Undoing the Demos is divided into two parts: the first, ‘Neoliberal Reason and Political Life’, puts forward the book’s main argument and is moreover concerned with Michel Foucault’s account of neo-liberalism, developed in his 1978–1979 lectures at the Collège de France, and discusses its merits and its shortcomings in detail; the second, ‘Disseminating Neoliberal Reason’, is concerned with how neo-liberal rationality is extended to spheres heretofore untouched by economic parameters, including ‘statecraft and the workplace, … jurisprudence, education, culture, and a vast range of quotidian activity’ (p. 17). The central argument of the book is that ‘neoliberalism assaults the principles, practices, cultures, subjects, and institutions of democracy understood as rule by the people’ (p. 9). Brown sets out to understand how it does so and develops a theoretical framework, deeply reliant upon, but not uncritical of, Foucault’s seminal account.

In the first chapter Brown does the theoretical legwork upon which the entire argument rests. While democracy is understood simply (and, in my view, problematically – an issue I will return to below) as ‘rule by the people’ (p. 19; cf. pp. 9, 20, 178, 202, 209), neo-liberalism is understood, with Foucault, as ‘a distinctive mode of reason, of the production of subjects, a “conduct of conduct”, and a scheme of valuation’ (p. 21). Neo-liberalism, then, is not the name given to capitalism’s latest guise, nor is it an ideology that masks the resurgence of class politics.
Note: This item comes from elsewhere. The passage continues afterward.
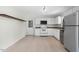 Clean, bright kitchen with white cabinets and modern appliances at 4021 Chaucer Dr, Durham, NC 27705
Instead, it is conceptualised as a mode of reason, a ‘political rationality’ (pp. 20–21; cf. Chapter 4), that today invades all spheres of life and recasts in an economic register their constituent concepts, practices, institutions, subjects and truths. Accordingly, the book is not concerned with studying neo-liberal techniques of government, but with the rationality, the regime of truth, that underlies them.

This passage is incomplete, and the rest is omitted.